Saturday, May 31, 2008

Doocing

People seem to be willing to post almost anything on the internet, about themselves, about their friends, about their enemies, about their employers.  I have been amazed.  I don't know how to get on facebook, but I have seen it when the kids do and have been surprised at what all the youngsters will brag about--sexual escapades, employment hi-jinks, drug use.

I don't doubt these things have been topics among friends and acquaintances into pre-history, but now they are permanent and available to all.  In junior high school, we would quake because what we did was on our "permanent record."  Now it really is.  And if it seems cute enough at age 16, like a little tattoo of a pussy cat, say, at age 40 and beyond it becomes grotesque.  Now that aging tattoo is stretched  across continents and hardened into scarred pieces of old flesh.  It is like having that old shoplifting mug shot etched on your sagging jowls.
I suppose we may finally learn some tolerance with everyone's past being dragged around like a dead prehensile tail, but it is not (to my eyes) a pretty sight.

This is all new to me and requires teaching some new tricks to an old dog.   For a long time I resisted putting a "." in the middle of a sentence.  I've given up, of course, on that now.  I still don't know what various signals mean or how to use them.  LOL :-) :-( :-o, etc.  But I do now know "blog" is short for "web log" and I know the meaning of "doocing."

"Doocing" is:  
dooced adjective /dust/  having lost your job because of something you have put in an Internet weblog
dooce verb [T] (usually passive) /dus/
doocing noun [U/C] /dus/
The word came from a blog by Heather B. Armstrong, still in existence, dooce.com

 Ms. Armstrong coined the term by misspelling the word "doood," a term that must mean something to someone, but not me.  She was working as a blog designer, wrote about her employer and got fired.  She seems to have taken her fame on to bigger and better things based on the references to book signing parties on her blog, but her ultimate advice is as follows:

“I started this website in February 2001. A year later I was fired from my job for 

this website because I had written stories that included people in my workplace. 

My advice to you is BE YE NOT SO STUPID. Never write about work on the 

internet unless your boss knows and sanctions the fact that YOU ARE WRITING 

ABOUT WORK ON THE INTERNET.” 


Since Armstrong, there have been many notorious cases of people being dooced.  Ellen Simonetti was fired from Delta airlines for some hardly racy photographs of herself in an flight attendant uniform in an airplane.  Mark Jen was fired from Google for posting comparative pay benefits between Google and Microsoft.  Jessica Cutler was a staff assistant from an Ohio Senator who was posting anonymously, but was outed and then fired after she described her ventures into prostitution to augment her meager staff pay.

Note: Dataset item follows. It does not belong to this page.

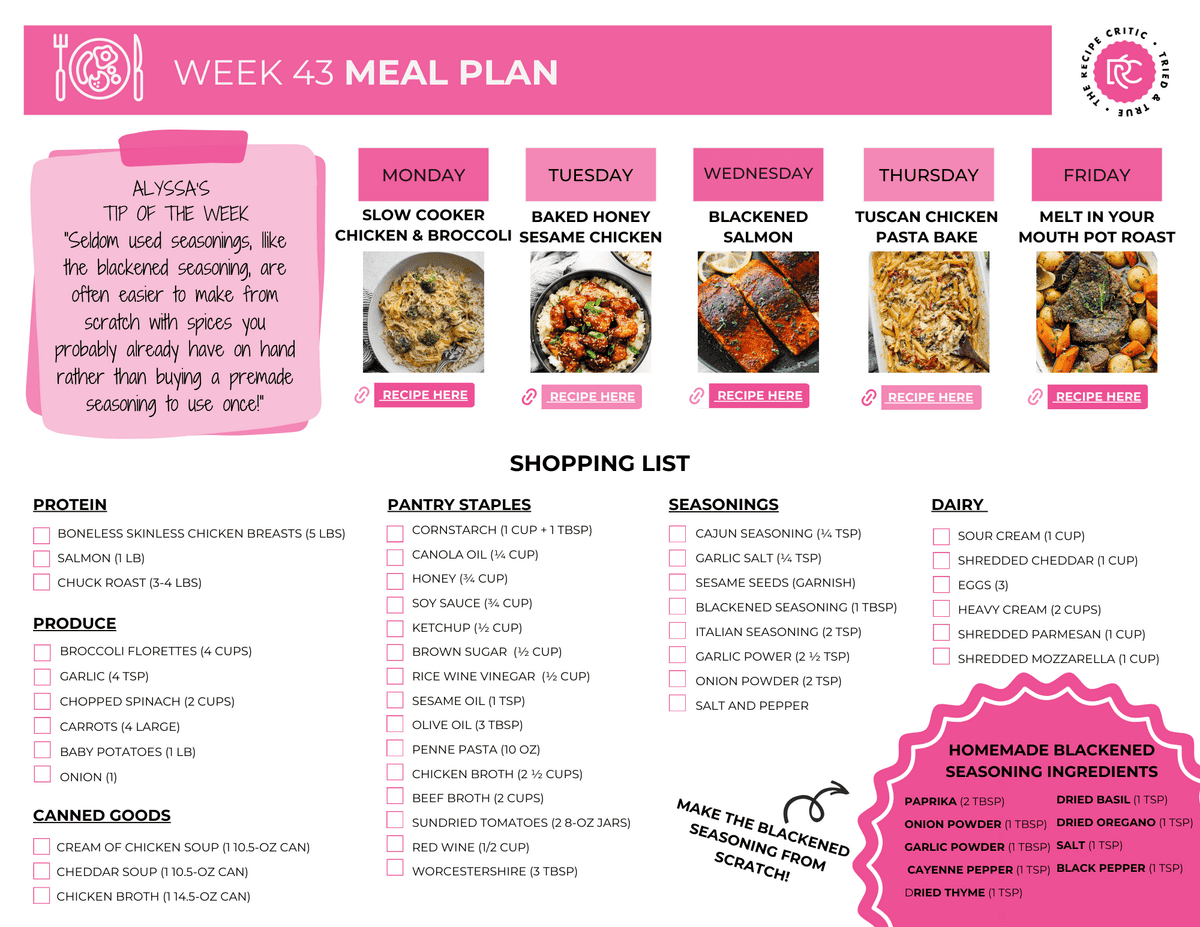 A pdf of a shopping list and a meal plan.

At this stage there is very little protection for employees of private employers who are not careful and offend their bosses.  The larger issues of defamation and disclosure of trade secrets are also being tested by the law.  I am interested in the legal developments related to blogging and plan to do a few posts along these lines.




2 comments:

Anonymous said...

Mr. Stapleton,

Where have you been? On vacation?

I am still laughing at "across continents". Quite the Shakespeare, no? LOL

V

StapletonAndStapleton said...

Thank you, V. No, no vacations yet. Work and naps have cut into my leisure time.